Riceville is the 116th school the director has toured in the two-and-a-half years since being named director.

“I try to tour a few schools a week,” Wise said. “It’s easy for policy to get disconnected from practice. I wanted to make sure what passes in D.C. and in Des Moines, plays out and works well in classes.”

Schumann shared with Wise that the Riceville, St. Ansgar and Osage school districts are in the process of developing a way to share resources. In addition, the districts are developing a common calendar so the districts which can’t afford a class or program might still offer it to their students through a partner school. In addition, Schumann went on to explain Riceville had just recently joined the Iowa-BIG North STEM program.

In addition to hearing about district programs, Wise questioned how Fast Testing was working in the school, and if the school was finding the data to be helpful to them in detecting students who needed aid with reading, to keep them from falling behind.

“That’s a question I ask at all of the schools I visit,” Wise said. “The Fast Testing measures if the student is on track. It allows the school to identify kids who are at risk and offer additional support to them. Having a dedicated person, who is focused on reading the data of those tests and working with teachers on plans for those students, is really the best practice and I’m glad to see that Riceville has that.”

The test has slowly been phased into all of the schools across the state, and is in its third year of being administered on a state-wide basis.

In addition, Wise was interested in hearing how Riceville had implemented the state-wide teacher leadership system within the school and what the district was offering, in terms of career and technical education, college and career planning and planning partnerships within the community.

“The idea is to give more equitable access across those high profile fields like welding and culinary arts,” Wise said. “In addition, the teacher leadership and compensation program is designed so every district, in Iowa, has an approved plan that they can tailor to their local needs.”

“The teachers are reading the book ‘Better Conversations,’ Schumman said. “They then get together and talk about what they read and how to apply it across classrooms. They look at the way they are talking to students, colleagues and parents, focusing on how something is said.

“The idea is to empower teachers to have these hard conversations with people, but recognizing that if they don’t have the conversations the right way, no one ends up happy.”

Wise then toured the school, having the opportunity to see the alternate seating in many of the classes as well as the classrooms set up for more project-based learning.

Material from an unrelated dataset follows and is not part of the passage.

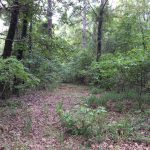 Recreational land for sale in Catahoula Parish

“The TLC has really helped teachers to think outside of the box,” said Emily Schipper, whose classroom was part of the tour. Her social studies students were working on postcards for members of the community to sign that they would then send off to their representatives. The focus being on getting kids involved in political participation. “I think it’s important we not be in the little islands of our departments,” she said. “If it’s not what we learned in college, it’s still okay if it’s working and getting students enthused.”